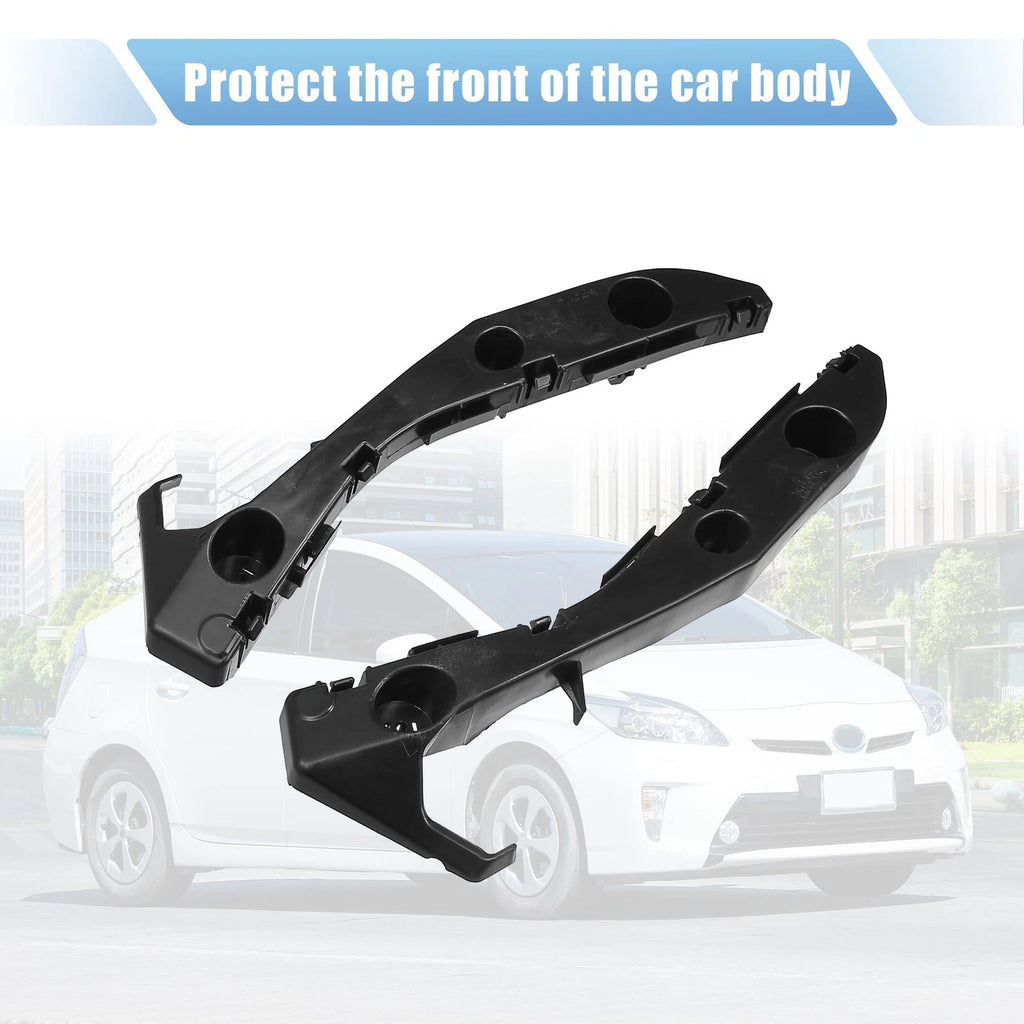 Set of 2 Front Bumper Mounting Support Brackets 52115-47010 for Toyota Prius (2010–2015)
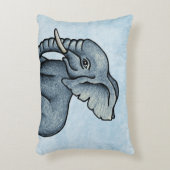 Elephant Blue Personalized Accent Pillow Accent Kussen (Voorkant(Verticaal))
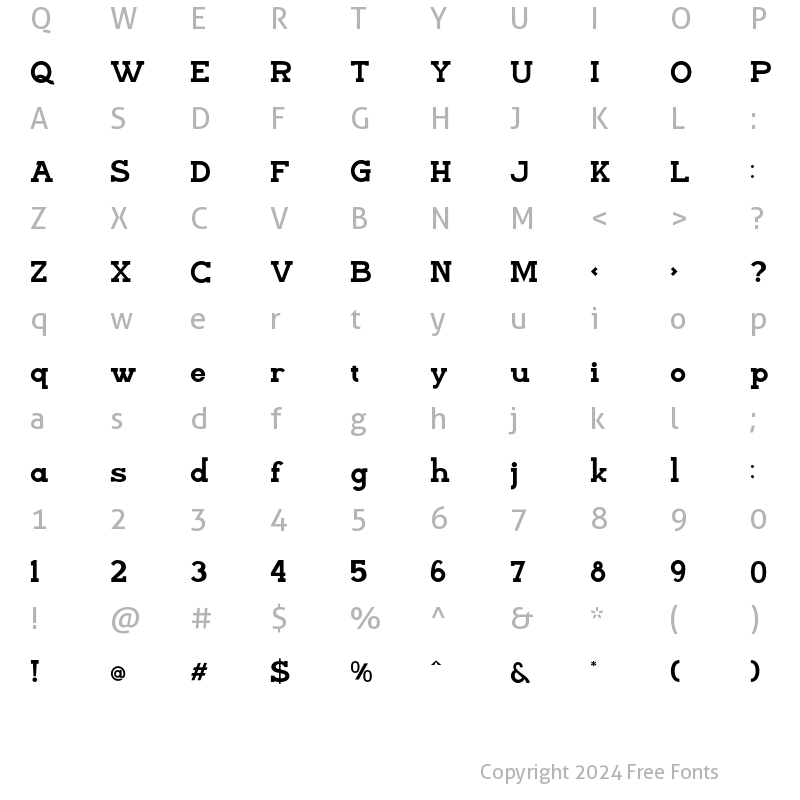 Character Map of Billionary Regular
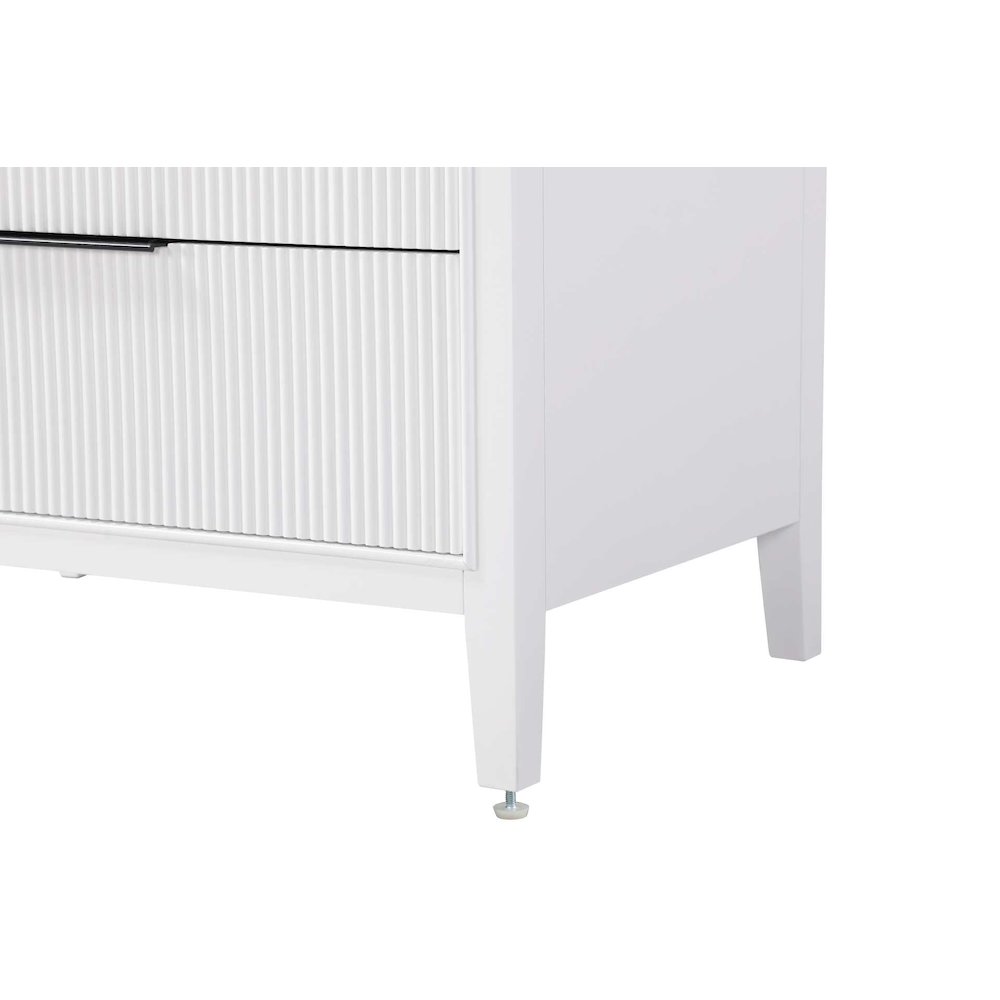 36 inch Single Bathroom Vanity in White. Picture 7
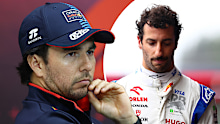 Sergio Perez Daniel Ricciardo split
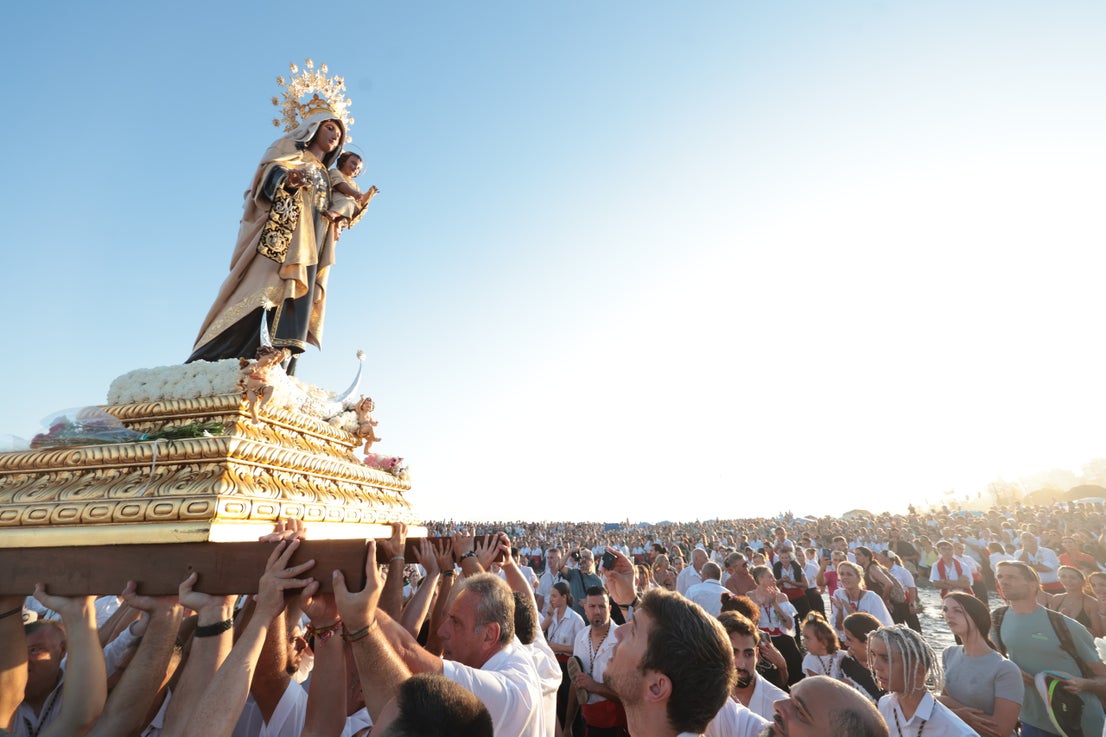 Procesión de la Virgen del Carmen en El Palo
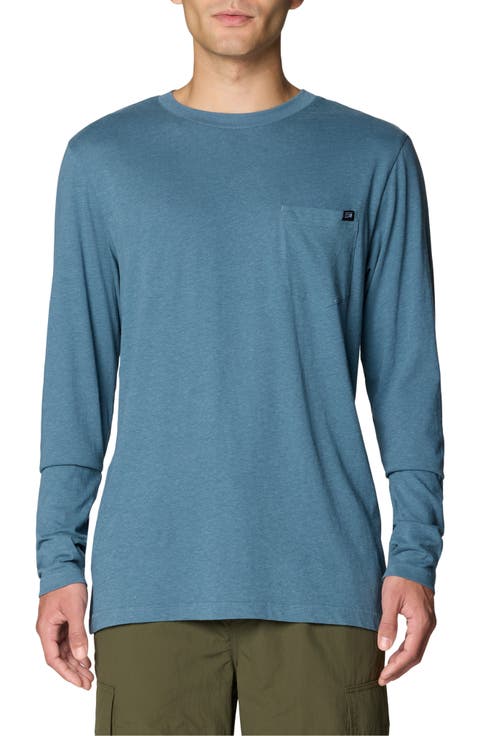 On Edge Organic Cotton & Hemp Long Sleeve T-Shirt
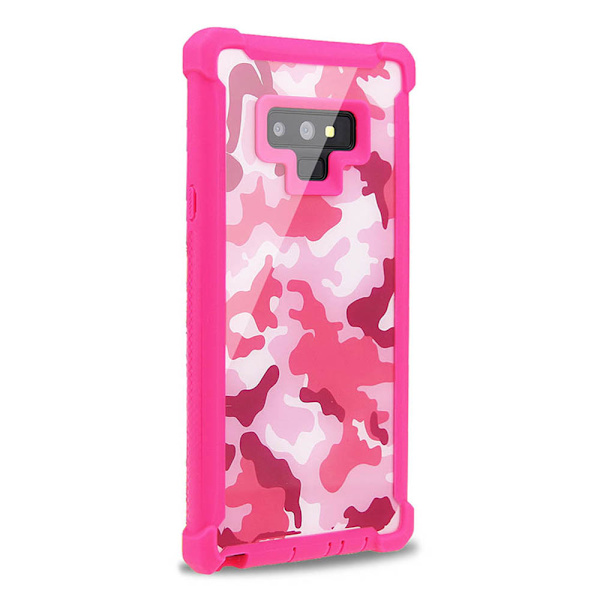 Effektfullt ARMY Skyddsfodral för Samsung Note9 Grå Grå
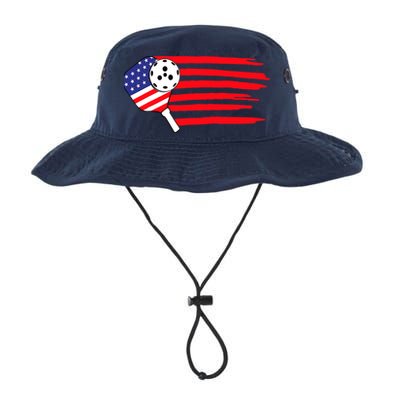 Pickleball US Flag American Patriotic Pickleball 4th Of July Bucket Hat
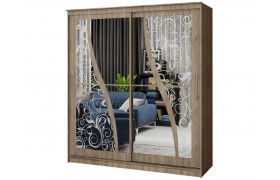 Шкаф-купе Элегант 2 2000 (Ясень шимо темный)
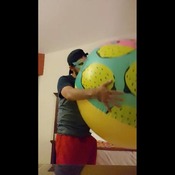 48 inches beachball mouth blow in red short!!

....

### [INSTRUCTIONS FOR THE TASK]
In the records above, find the line that contains "On Edge Organic". Print it and every later line exactly, omitting the pictures.

### [ANSWER FOR THIS EXERCISE]
 On Edge Organic Cotton & Hemp Long Sleeve T-Shirt
 Effektfullt ARMY Skyddsfodral för Samsung Note9 Grå Grå
 Pickleball US Flag American Patriotic Pickleball 4th Of July Bucket Hat
 Шкаф-купе Элегант 2 2000 (Ясень шимо темный)
 48 inches beachball mouth blow in red short!!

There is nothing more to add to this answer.